Likeliness: 5/10. Palin’s spark sure hasn’t fizzled out yet, so there’s still a reasonable chance she could be a 2020 or 2024. Still, Palin has a long way to go to earn back some trust, and she hasn’t actually indicated any plans of running again. It could happen, but there’s an equal chance it won’t.
Ann Coulter- Notable conservative activist and author. Coulter is what many picture when they hear the words ‘female conservative,’ along with the late Phyllis Schlafly, and now firebrand Tomi Lahren. She came to public attention when criticising Bill Clinton and his liaisons in the 1990s, and now works in the media. Coulter follows the party line in many ways- strongly pro-choice, against amnesty for illegals, but also counters it in requesting literacy test for voters. She has been accused of racism before, but it hasn’t stopped her from being a popular political commentator.
Why She Could/Couldn’t: Coulter has no political experience under her belt, but that didn’t stop Trump sweeping to victory. She may grab the votes that the white women placed in the 45th President, those who rejected Clinton’s feminist persona (Coulter does not refer to herself as a feminist), as well as those traditional politics who may have been put off by the seemingly more liberal Trump. Again though, the lack of experience may be used against her, and she may put off centrists and more moderate Republicans.
Likeliness: 4/10. Coulter could be a Fiorina, a conservative woman with no political experience who rises through the ranks. Though she has never expressed any interest in becoming POTUS, it wouldn’t the biggest surprise if she did. Still, Coulter seems pretty happy being a critic, and she’s unlikely to stop soon.
Susan Collins- Senator for Maine. If one wants to know what a true moderate is, they can look no further than Collins. She’s pro-choice, in favour of gay marriage and is in favour of expanded background check for gun owners. Collins often votes against her party, and has worked with Democrats in the past. As the only Republican Senator representing New England, it shows. Some even joke that she should be a Democrat.
Why She Could/Couldn’t: Collins has managed to stay as Republican in a highly liberal area, so she may sweep up states that are usually Democrat. Furthermore, she may be highly accessible to swing voters and centrists, who may fall into line with her moderate positions. The Log Cabin Republicans- LGBT members of the GOP- may also endorse her. Sadly, she is far too liberal for most Republicans, and it’s highly unlikely that she’d get through the primaries or even receive delegate pledges.

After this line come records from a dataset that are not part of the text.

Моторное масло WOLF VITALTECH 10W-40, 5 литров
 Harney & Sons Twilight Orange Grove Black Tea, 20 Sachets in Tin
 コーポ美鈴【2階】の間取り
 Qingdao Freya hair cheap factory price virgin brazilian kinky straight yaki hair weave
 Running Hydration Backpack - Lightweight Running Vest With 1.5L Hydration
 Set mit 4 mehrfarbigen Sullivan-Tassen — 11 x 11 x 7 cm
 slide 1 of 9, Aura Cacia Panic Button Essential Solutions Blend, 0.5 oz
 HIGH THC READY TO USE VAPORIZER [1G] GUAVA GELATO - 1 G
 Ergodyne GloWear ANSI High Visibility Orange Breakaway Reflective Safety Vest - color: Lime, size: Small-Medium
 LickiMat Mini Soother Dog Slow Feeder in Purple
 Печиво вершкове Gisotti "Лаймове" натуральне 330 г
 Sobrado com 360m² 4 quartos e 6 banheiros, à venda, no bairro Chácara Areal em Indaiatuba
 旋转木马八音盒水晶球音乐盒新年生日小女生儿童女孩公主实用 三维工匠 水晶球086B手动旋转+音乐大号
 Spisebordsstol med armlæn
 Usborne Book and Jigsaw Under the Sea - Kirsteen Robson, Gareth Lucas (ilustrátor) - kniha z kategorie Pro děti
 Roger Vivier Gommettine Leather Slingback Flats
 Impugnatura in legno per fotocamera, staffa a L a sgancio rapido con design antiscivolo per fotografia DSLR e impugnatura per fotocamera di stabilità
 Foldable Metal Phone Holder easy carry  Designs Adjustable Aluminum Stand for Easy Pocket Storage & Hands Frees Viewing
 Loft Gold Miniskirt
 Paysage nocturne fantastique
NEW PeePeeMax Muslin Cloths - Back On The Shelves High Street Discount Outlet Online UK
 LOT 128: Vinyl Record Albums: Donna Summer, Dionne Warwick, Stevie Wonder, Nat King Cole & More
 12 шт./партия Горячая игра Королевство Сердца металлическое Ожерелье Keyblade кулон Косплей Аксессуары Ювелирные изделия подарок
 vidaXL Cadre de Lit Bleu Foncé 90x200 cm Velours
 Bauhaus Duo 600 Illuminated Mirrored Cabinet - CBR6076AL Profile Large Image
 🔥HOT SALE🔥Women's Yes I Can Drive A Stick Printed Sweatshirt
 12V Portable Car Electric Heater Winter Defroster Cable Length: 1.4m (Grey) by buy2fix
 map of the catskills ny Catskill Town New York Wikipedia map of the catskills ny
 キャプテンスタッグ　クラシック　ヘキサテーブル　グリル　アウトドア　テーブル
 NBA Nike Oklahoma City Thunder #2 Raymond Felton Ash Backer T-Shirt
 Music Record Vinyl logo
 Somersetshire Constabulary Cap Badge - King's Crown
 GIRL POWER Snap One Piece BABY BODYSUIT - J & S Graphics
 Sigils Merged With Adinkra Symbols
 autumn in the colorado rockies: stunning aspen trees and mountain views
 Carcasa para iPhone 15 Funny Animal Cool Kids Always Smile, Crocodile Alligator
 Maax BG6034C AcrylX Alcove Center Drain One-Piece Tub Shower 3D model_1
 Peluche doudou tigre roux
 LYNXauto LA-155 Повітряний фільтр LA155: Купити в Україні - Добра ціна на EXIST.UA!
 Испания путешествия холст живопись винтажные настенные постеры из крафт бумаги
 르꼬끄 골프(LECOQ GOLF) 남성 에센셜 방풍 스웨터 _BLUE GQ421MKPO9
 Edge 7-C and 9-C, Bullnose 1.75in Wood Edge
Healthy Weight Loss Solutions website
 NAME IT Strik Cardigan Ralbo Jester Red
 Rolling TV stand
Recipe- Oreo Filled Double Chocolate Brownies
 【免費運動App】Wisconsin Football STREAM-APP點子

Unless her opponent was extremely left-wing, she wouldn’t stand a chance, especially if an independent as big as Teddy Roosevelt or Ross Perot stood in.
Likeliness: 2/10. Though she is looking at running for Governor of Maine in 2018, she could have higher aims. If she goes run in the gubernatorial election and win, however, she will be 70 by the time it is over, and nearly 72 when 2024 rolls around. Though Trump and Reagan were older when elected, she may choose not to if she feels age will limit her. Furthermore, whilst Collins may be popular in Maine, she will also be painfully aware the nationwide Republican voters may see her as too moderate, limiting her chances of White House glory.